The Steen Syrup Mill has been producing cane syrup in south Louisiana for over 100 years. At last month's International Food Blogger Conference in New Orleans, local food historian and personality Poppy Tooker speaking on sustainability, promoted the idea that the way to save the region's "endangered local foods" like Steen's cane syrup (as well as Creole cream cheese and rice calas) is "Eat it to Save it". This is my contribution.
Sweet and Spicy Steen's Barbecue Sauce
- 8 tablespoons (1 stick) butter
- 5 cups roughly chopped red onion
- 1/3 cup minced garlic
- 5 cups ketchup
- 1 cup apple cider vinegar
- 1 cup Steen's syrup
- 1/4 Worcestershire sauce
- 2 tablespoons liquid smoke
- 1 tablespoon crushed red pepper flakes
- 1 teaspoon Kosher salt
- 1 teaspoon ground black pepper
- Melt the butter in a dutch oven over medium heat.
- Add the onions to the dutch oven and saute for 10 minutes or until the onions wilt and begin to turn translucent. Add the garlic and continue to saute for about 5 minutes, until the excess liquid has cooked off.
- Stir in the ketchup, apple cider vinegar, Steen's, Worcestershire sauce, liquid smoke and red pepper flakes. Add the salt and pepper. Simmer for 10-15 minutes.
- Use an immersion blender to puree the sauce, or cool the sauce before transferring it in batches to a conventional blender. After pureeing, simmer the sauce for 3-5 minutes.
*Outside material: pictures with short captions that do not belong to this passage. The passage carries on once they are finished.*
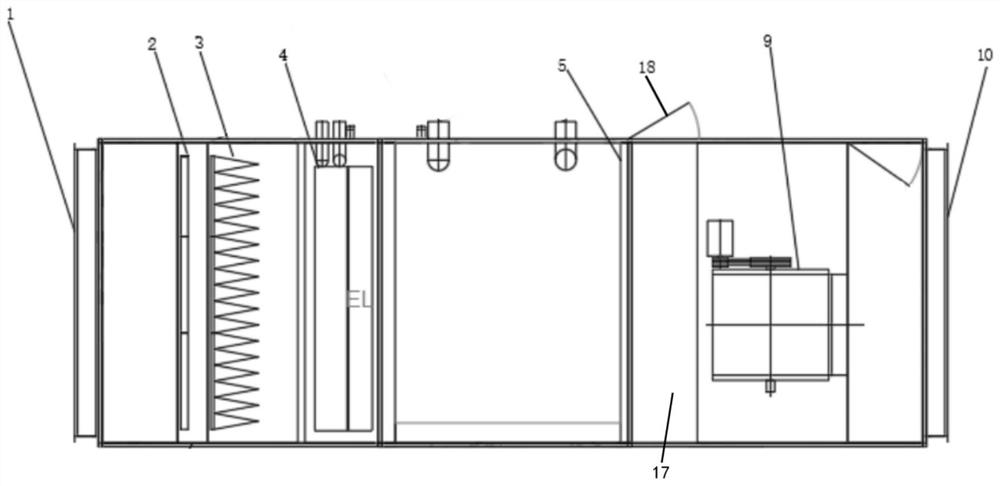 Fresh air system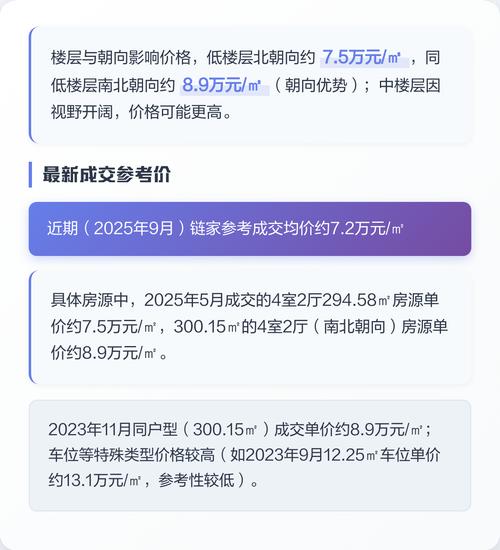 广州金海湾房价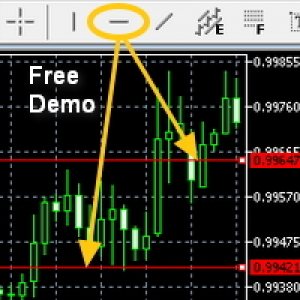 MT4-Demo Price Touch Alert MT4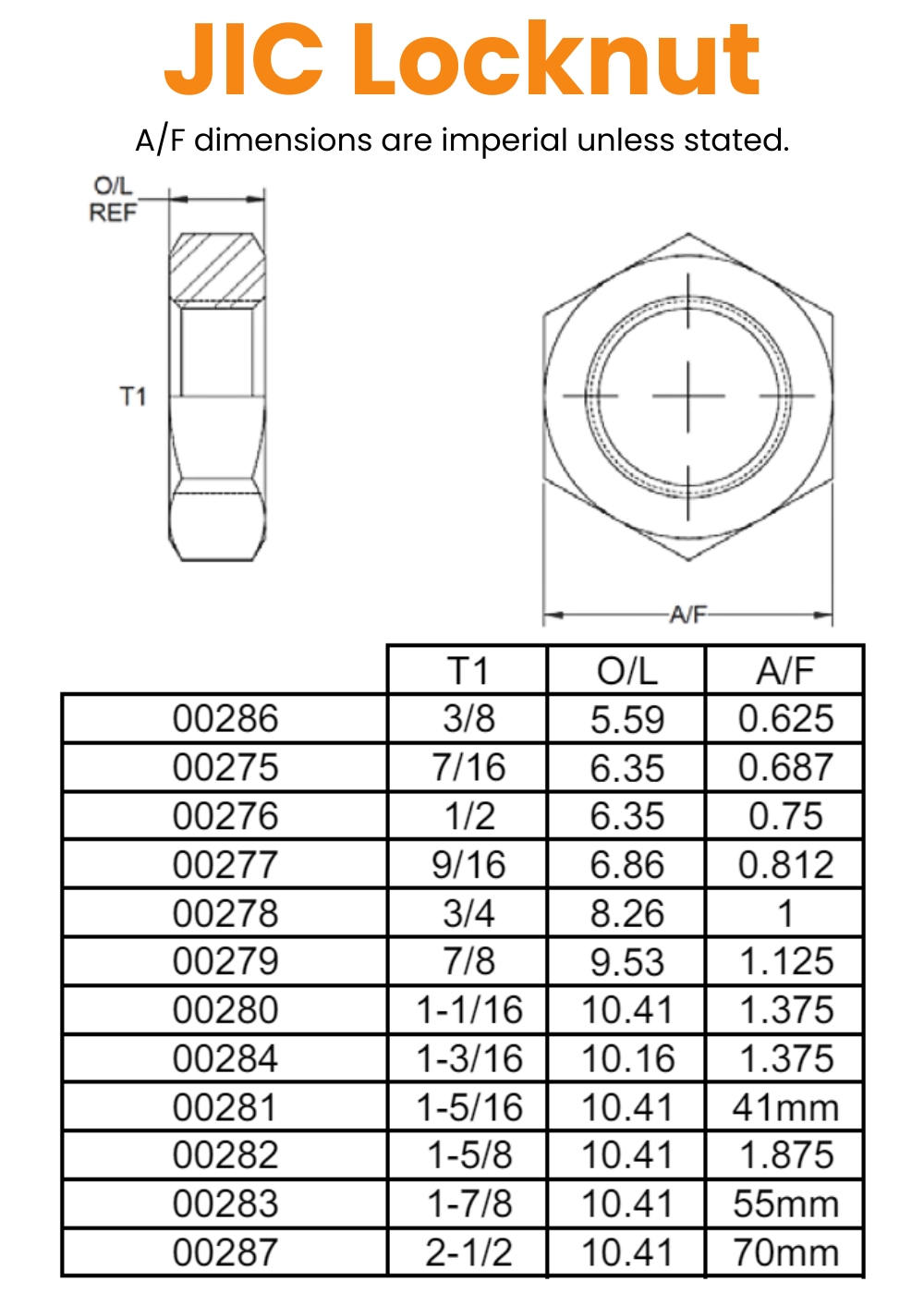 3/8 JIC Lock Nut Hydraulic Adaptor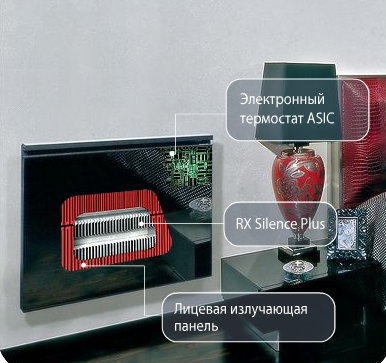 Конвектор Noirot Verlys Evolution 2000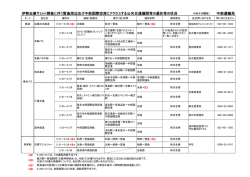 最新版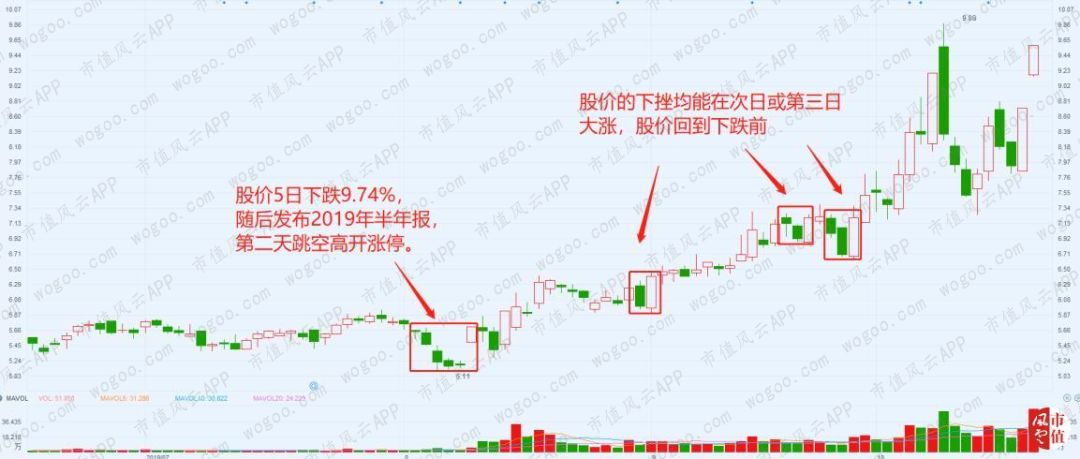 漫步者上涨趋势,漫步者股票暴涨原因
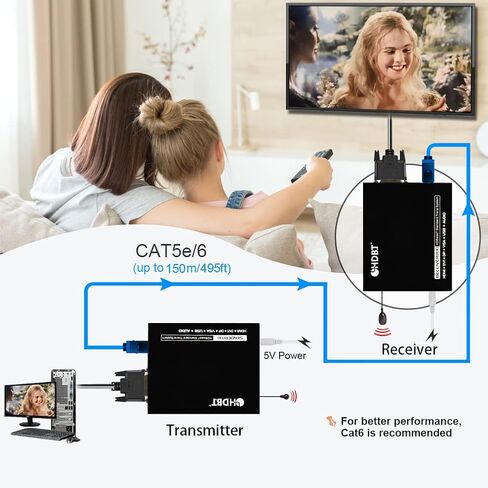 Digital HDMI Extender Over Cat5e/6 Uncompressed Full HD 1080p 60Hz HDMI Over Ethernet Cable Up to 495Ft, HDMI IP Extender Support IR Remote Control and HDMI Loop Out in Saudi Arabia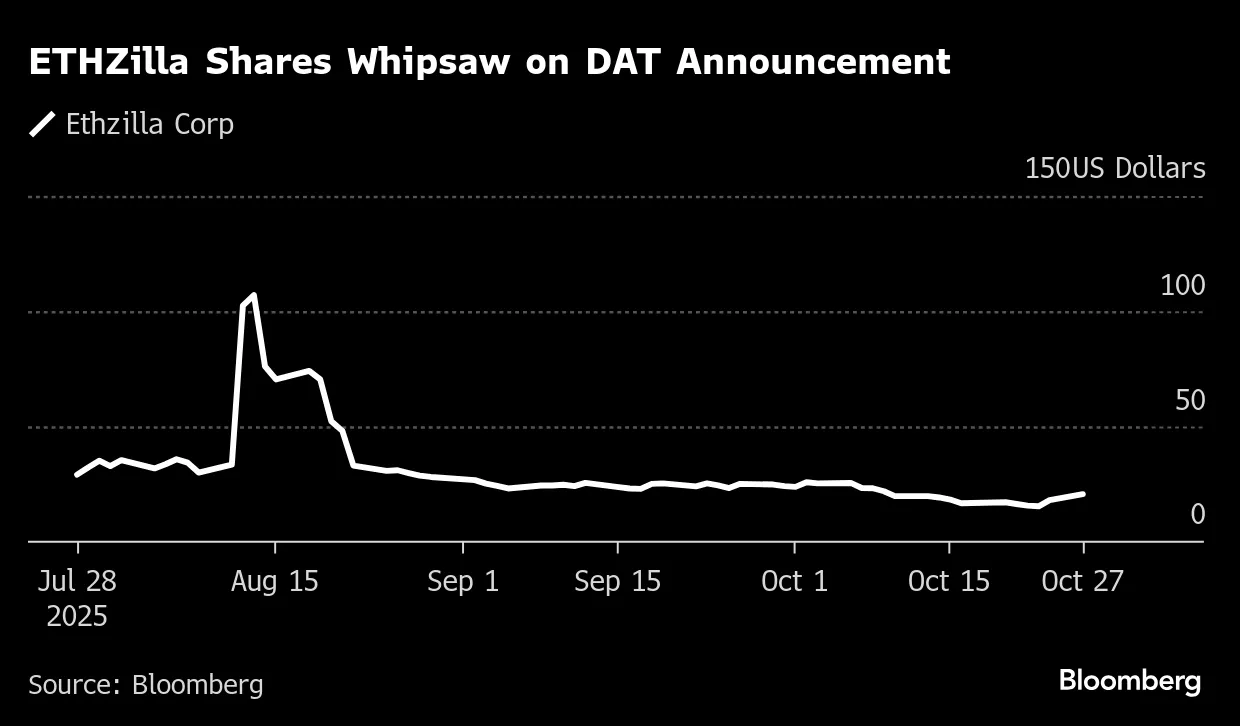 The Curious Case for Crypto Treasury Buybacks Takes Unique Turn - Bloomberg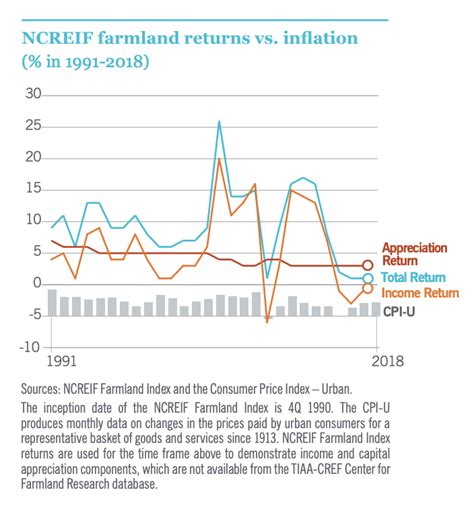 Investments To Hedge Against Inflation Farmland Reits Precious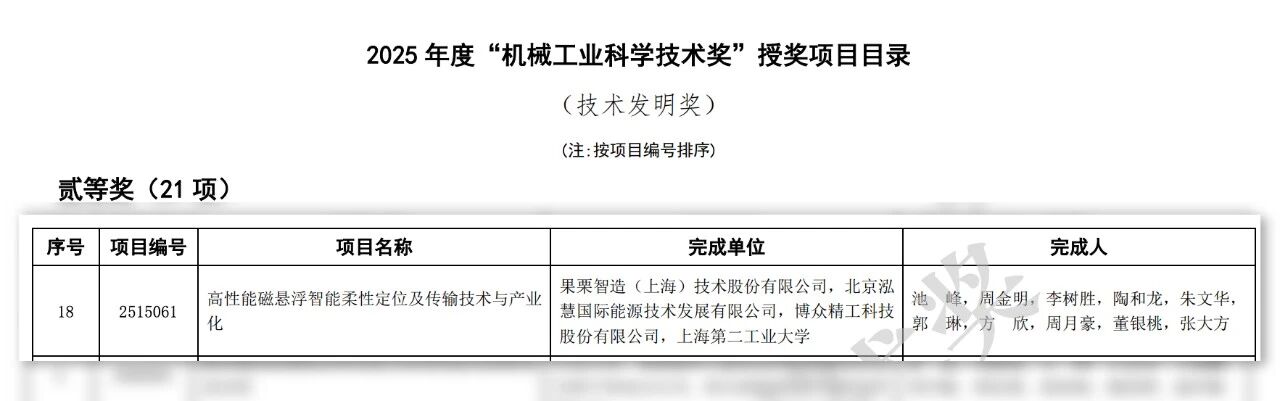 博众精工荣获2025年“机械工业科学技术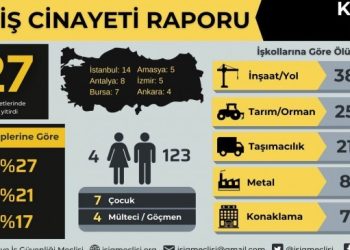 İSİG: Kasım’da 127 işçi yaşamını yitirdi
Taste to correct seasonings and remove from the heat.
Yield: 6 cups
I made this batch of sauce to serve with pulled pork sandwiches topped with Creamy Cole Slaw (a serving will be about two tablespoons per sandwich). Since I planned to store and serve the sauce in plastic squirt bottles, it needed to be completely pureed and very liquid. The longer the sauce cooks, the thicker it becomes. If needed, the sauce can be thinned with a combination of water or chicken broth and vinegar. I also use this sweet and spicy sauce to baste ribs or chicken before taking it off the grill. If that is the plan, I usually cook the sauce down for about twice the time since thicker, richer and chunkier is a beautiful thing.